▶ _EXERCISE DIRECTIONS_: From the first line to the last, reproduce the material exactly.

:: PROVIDED MATERIAL ::

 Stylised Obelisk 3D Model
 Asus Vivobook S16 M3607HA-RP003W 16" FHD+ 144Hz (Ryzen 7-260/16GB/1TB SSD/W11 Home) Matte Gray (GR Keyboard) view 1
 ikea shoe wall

:::

▶ _WRITTEN ANSWER_:
 Stylised Obelisk 3D Model
 Asus Vivobook S16 M3607HA-RP003W 16" FHD+ 144Hz (Ryzen 7-260/16GB/1TB SSD/W11 Home) Matte Gray (GR Keyboard) view 1
 ikea shoe wall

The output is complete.